И Елпидифор Павлович захлебнулся слезами.
– Полноте плакать, папа, не стоит! – строго вымолвила Ранцова. – Если вы что-нибудь заметили, надо скорее принять меры.
– Нет, Оля, ты не знаешь, – продолжал он, отирая влажное лицо, – умница ведь она, тонкая… всякия мои до корешка дела знала, – в нашей должности, известно, всякое бывает, – все знала… Да что! Жить меня научила, деньгу хранить…

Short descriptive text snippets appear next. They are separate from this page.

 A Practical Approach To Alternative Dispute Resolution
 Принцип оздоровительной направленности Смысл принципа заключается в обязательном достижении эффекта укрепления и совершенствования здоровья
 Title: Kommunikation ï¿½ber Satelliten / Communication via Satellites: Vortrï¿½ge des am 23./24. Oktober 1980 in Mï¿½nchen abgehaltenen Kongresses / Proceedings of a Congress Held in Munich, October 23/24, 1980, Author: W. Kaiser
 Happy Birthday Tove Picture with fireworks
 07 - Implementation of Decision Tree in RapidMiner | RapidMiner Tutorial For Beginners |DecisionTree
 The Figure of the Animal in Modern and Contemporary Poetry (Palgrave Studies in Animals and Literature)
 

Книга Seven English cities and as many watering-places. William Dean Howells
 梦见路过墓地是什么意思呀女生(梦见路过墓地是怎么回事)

– И что же, – нетерпеливо прервала его дочь, – вы боитесь теперь, чтоб она насчет этих ваших «дел» не выдала вас?
Тусклые глаза бывшего полицейского блеснули внезапно старым, ярким и острым блеском:
– A выдавать-то что? – ухмыльнулся он. – С меня взятки гладки: состою по чистой, по формуляру ни сучка, ни задоринки, за тридцатипятилетнюю службу удостоен подобающей пенсии: сорок два с полтиной получаю в треть, – в чем же выдать-то меня кто может?
– Вы говорили мужу, боитесь, чтобы вас не обобрали, – вспомнила Ранцова. – Вы ее подозреваете?
Он снова болезненно заметался и заныл:
– Изменница она, неблагодарная! За мою… привязанность… с кем связалась! Вот, вы видели, сидел тут… сейчас… Змей! Путает он ее, наущает…
– Да вы что же, узнали что-нибудь, заметили? – допрашивала тревожно Ольга Елпидифоровна. – Когда? Давно или теперь только?
Брови больного сосредоточенно сдвинулись – он видимо старался припомнить все подробно:
– Болен я сегодня шестой день, – начал он, – a ты об этом когда депешу получила?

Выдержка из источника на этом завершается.